Sunday, May 9th, 2010

Too many records

It’s been an odd weekend. It started off badly when our lovely neighbours decided to ‘prune’ the tree in their garden – how I love the sound of chainsaws at 8am on a Sunday morning – and descended into just plain weirdness when Mr C. announced that he was going to do some pruning of his own.

‘I have too may records’ he said surveying his not insubstantial collection, ‘I don’t listen to some of them very much and well, I don’t really need to keep them all do I?’
‘No… ‘ I responded, swallowing my disbelief, ‘but are you absolutely sure about this?’
‘Yes, there are too many’ he said determinedly ‘I need to purge.’
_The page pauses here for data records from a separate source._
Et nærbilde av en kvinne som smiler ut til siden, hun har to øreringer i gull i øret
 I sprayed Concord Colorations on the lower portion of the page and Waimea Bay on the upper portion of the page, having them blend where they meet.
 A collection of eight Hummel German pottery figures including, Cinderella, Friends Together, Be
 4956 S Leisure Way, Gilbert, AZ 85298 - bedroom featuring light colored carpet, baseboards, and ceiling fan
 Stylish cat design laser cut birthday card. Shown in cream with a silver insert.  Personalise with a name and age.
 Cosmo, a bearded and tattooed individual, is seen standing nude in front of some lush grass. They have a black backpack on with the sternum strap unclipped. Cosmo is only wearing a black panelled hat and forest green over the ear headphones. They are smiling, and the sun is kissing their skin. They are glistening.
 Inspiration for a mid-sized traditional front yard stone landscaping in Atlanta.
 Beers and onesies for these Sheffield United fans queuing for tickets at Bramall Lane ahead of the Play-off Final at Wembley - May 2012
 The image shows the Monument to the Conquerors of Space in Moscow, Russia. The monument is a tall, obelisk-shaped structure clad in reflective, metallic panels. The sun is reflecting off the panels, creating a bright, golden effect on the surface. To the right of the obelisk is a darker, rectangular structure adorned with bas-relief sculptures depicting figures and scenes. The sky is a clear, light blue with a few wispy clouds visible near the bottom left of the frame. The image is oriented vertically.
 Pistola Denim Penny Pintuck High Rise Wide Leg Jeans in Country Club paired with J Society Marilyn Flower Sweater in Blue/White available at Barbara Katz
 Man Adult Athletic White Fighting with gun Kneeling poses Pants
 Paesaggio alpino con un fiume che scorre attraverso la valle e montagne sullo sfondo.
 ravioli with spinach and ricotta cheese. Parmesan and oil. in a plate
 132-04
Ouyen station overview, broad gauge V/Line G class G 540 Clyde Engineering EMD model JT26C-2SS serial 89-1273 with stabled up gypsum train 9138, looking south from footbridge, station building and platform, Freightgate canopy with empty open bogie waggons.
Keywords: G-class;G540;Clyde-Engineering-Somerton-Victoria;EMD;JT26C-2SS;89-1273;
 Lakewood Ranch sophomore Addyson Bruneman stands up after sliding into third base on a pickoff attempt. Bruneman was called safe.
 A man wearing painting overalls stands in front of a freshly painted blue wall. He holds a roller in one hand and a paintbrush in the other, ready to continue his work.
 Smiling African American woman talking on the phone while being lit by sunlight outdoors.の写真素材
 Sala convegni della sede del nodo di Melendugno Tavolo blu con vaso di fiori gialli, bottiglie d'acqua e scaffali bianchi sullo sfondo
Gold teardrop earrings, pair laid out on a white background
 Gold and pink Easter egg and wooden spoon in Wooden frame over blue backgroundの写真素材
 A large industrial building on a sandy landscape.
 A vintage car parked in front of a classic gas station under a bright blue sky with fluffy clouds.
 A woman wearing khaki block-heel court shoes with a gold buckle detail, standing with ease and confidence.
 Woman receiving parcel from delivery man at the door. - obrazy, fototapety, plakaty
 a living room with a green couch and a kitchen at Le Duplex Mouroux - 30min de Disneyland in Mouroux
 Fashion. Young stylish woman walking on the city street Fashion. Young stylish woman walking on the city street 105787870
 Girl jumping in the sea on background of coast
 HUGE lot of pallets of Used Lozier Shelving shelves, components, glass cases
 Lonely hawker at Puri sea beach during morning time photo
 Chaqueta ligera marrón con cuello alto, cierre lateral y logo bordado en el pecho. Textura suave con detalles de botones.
I am sorry to say that I just snickered unsupportively at this point and went off to read the paper.

Several hours of struggling later, he had triumphantly managed to reduce the vinyl load on the shelves by around oooh… eight LPs.

Not that I have any right to be sarcastic. He did much better than I ever could. The last time I attempted a purge was just before I freighted my vinyl over here from Australia. Once it arrived after several long months on the boat I realised I’d made a terrible mistake and had to go out and buy them all again.

And as we discussed, post failed purge, it doesn’t matter if you don’t listen to all of your records all of the time. It’s just comforting to know that they’re there. Even the ones by James Last.

Song of the Week: She’s so Fine

Wednesday, April 14th, 2010

The Easybeats - Easy

The Easybeats
She’s so Fine

Another delve in the mix tape box (sorry) came up with this early tune by The Easybeats.* I don’t think ‘She’s so Fine’ charted in the UK, but it was a bit of a ‘hits and memories’ radio perennial when I was growing up. Once you hear it you’ll know why – it’s 2 minutes 9 seconds of catchy pop perfection. And just listen to that scream five seconds in. What a way to open a song!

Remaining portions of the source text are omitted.